### Available data:
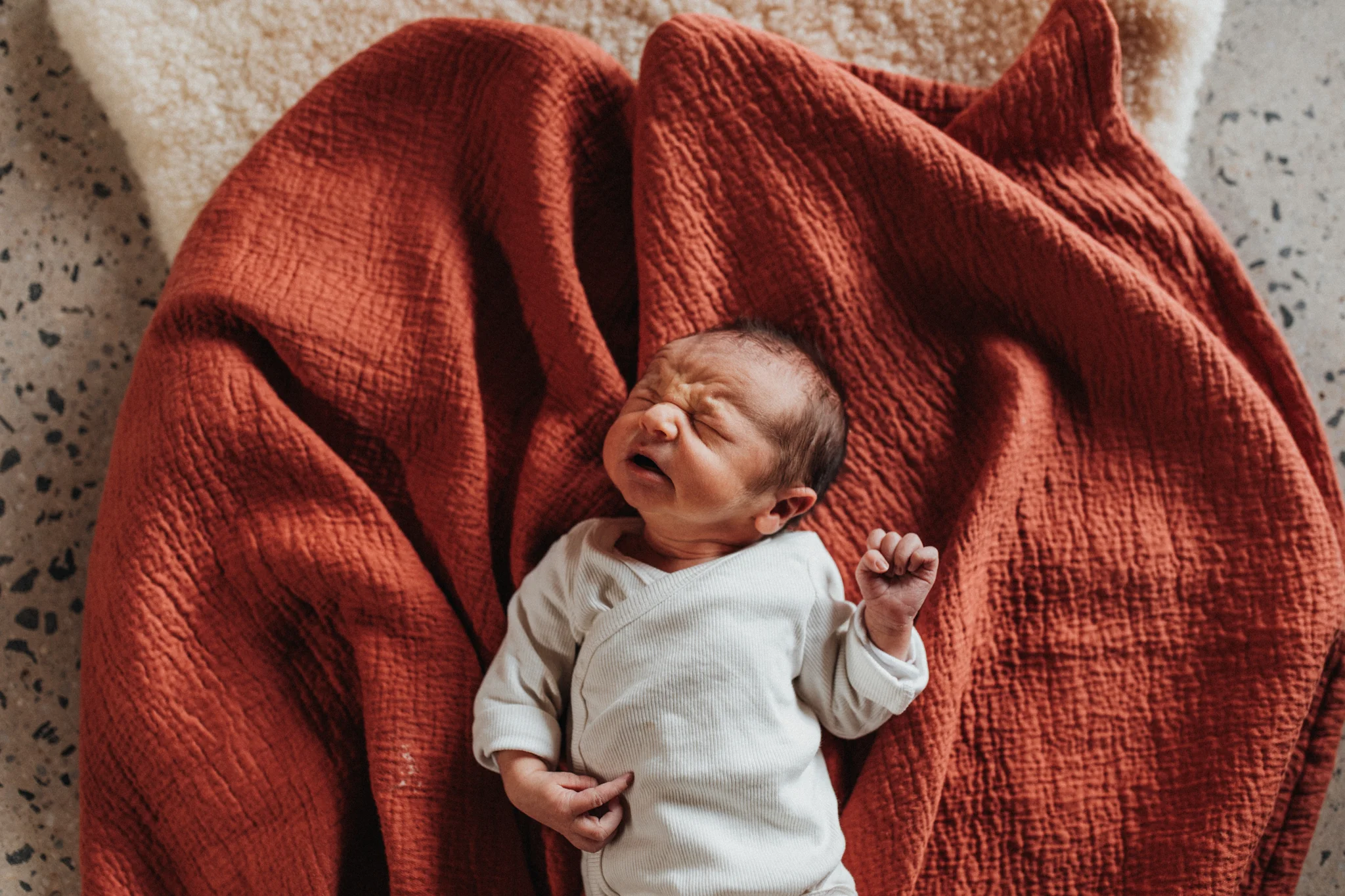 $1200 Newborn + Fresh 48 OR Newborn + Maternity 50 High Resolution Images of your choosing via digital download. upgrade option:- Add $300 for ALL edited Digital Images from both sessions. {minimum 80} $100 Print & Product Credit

==

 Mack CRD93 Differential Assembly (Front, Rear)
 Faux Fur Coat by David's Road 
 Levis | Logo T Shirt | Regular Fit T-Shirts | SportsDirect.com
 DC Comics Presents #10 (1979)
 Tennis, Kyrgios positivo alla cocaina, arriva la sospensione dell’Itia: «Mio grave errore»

### Brief:
Within the material above, output exactly the lines from the one with "Faux Fur Coat by David's Road" through the one with "Tennis, Kyrgios positivo", end lines included, and nothing besides.

### Written solution:
 Faux Fur Coat by David's Road 
 Levis | Logo T Shirt | Regular Fit T-Shirts | SportsDirect.com
 DC Comics Presents #10 (1979)
 Tennis, Kyrgios positivo alla cocaina, arriva la sospensione dell’Itia: «Mio grave errore»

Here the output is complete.